The air in Coruth’s house felt like it had been replaced with thick jelly. Cythera gasped in great breaths of the thick stuff and stared at the candles around her. The flames burned low and greenish, as if they burned not wax but strange vapors. She was too weak to ask why, too weak to do anything but hold her head up as she slumped in a straight-backed chair.
Directly before her she saw her mother’s face, framed by its wild iron-gray hair. Coruth’s eyes met hers exactly, stare for stare. Then the old witch nodded, just once.
“Good,” she said. “You did well.”
Cythera struggled to speak. Every muscle in her body felt heavy and weak. What she’d done… what they’d done together, made no sense to her. She had felt the power moving through the room, like a wind so subtle it could not even stir her hair, and yet so vast and world-engulfing she thought it might pitch all of Ness into the sea.

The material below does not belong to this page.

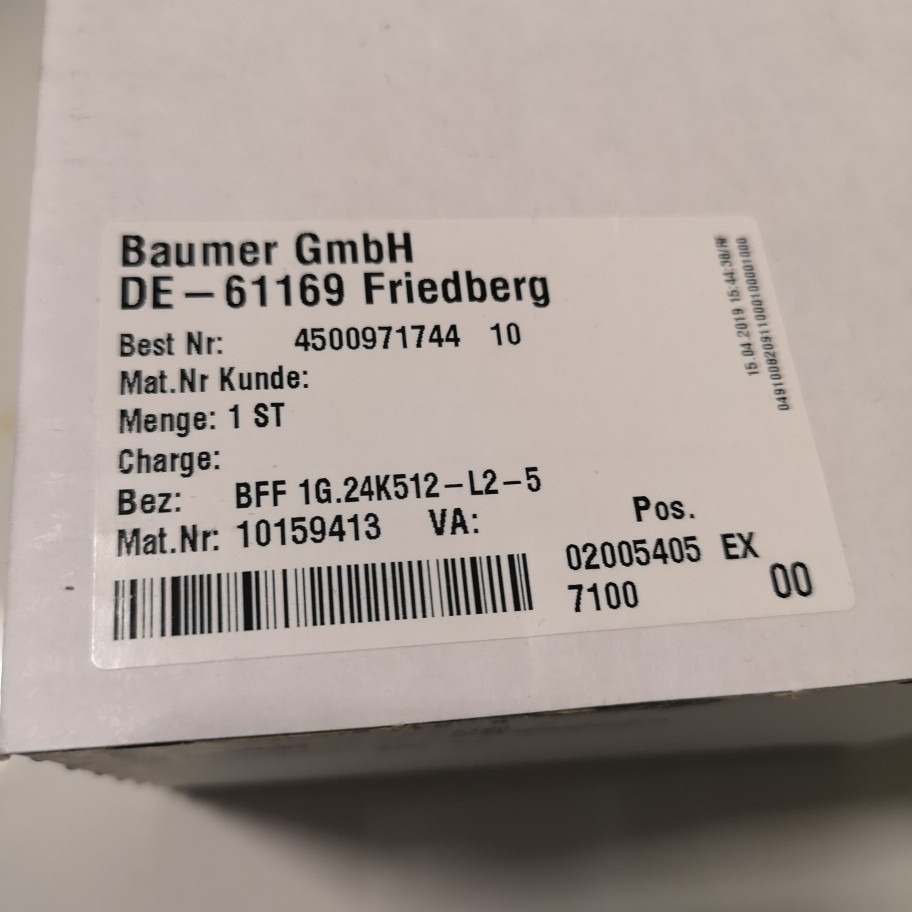 供应BAUMER编码器BFF1G.24K512—12—15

“Is… it… always…” she gasped. She couldn’t finish the thought.
She didn’t need to. “It will get easier,” Coruth told her. “You’ll learn to work with the natural currents and eddies of the ether, rather than fighting them. That is what a witch does. She works with what is already there. Do you understand?”
Cythera thought she might be starting to get it. And that terrified her.
“Was… it…?”
“Necessary?” Coruth asked. “You want to know why we thwarted your lover. It does seem strange, doesn’t it? I like the boy. I did not choose this to inconvenience him, girl. I am not that petty. Close your eyes.”
Cythera felt Coruth’s thumbs touch her closed eyelids, felt her mother’s fingers digging through her hair to her scalp. Coruth’s nails were ragged and they scratched her skin. “I’m going to give you a vision now, child. Just a little glimpse.”
What she saw then made Cythera scream for her mother to stop. War-bloodshed-bodies piled before city walls-fire lancing across battlefields-a sword-always the sword- the sword, Acidtongue, the one she’d enchanted just as dawn came up. The sword she’d touched with her own power. She saw the sword in a number of different hands, and knew she was seeing possible futures. She saw Skrae fall. She saw the barbarians driven back, cut to pieces as they screamed for mercy, and Skrae saved. She saw a war that never ended. All the images were superimposed one atop the other, yet she could make each one out distinct and so vivid it had to be real.
The hands that held the sword were all bloody, but Malden’s hand-she recognized it instantly-was only flecked with gore, where others were stained so red they could never be washed clean.
“Nothing is necessary,” Coruth said. “But some things are more devoutly to be wished for than others. The sword must stay with Malden. No matter what.”
“Even if-he doesn’t-want it?”
Coruth clucked her tongue. “This is the problem with being able to see the future. You see how little what people want matters. And you watch them make terrible choices, and do things you know they will regret. Malden will have no joy of that sword. But if he does not keep it, everyone will suffer.”
Cythera understood-though she wasn’t sure she wanted to. Being a witch was about making hard choices. Or maybe it was about having no choices at all.
“Even if Malden keeps the sword, though…” she said, close to sobbing now. She was certain she would collapse soon, and fall into black, deep sleep. She lacked the energy for anything else, but she could not rest until she knew. “Even if he-keeps it. I saw-I saw multiple futures where he still held it. Which one will come to pass?”
“That’s not for me to say. It’s up to you.”
“Me?”
“There’s a reason I demanded you start your training now. Malden will have a role to play in the shape of destiny to come. Yours will be even larger-and darker.”
The look on Coruth’s face was almost sympathetic now. Cythera knew why, because she’d seen herself in those glimpses. She’d seen her own fate.
In some of those futures Malden put down the sword and took up a golden ring which he slipped on her finger. Those futures were already fading, receding as they became less and less probable.
In some-still bright and lucid, still distinctly possible-he turned away from her and they never saw each other again.
And in others just as real to her, he used Acidtongue to strike her down, to slay her, while tears rolled down his cheeks.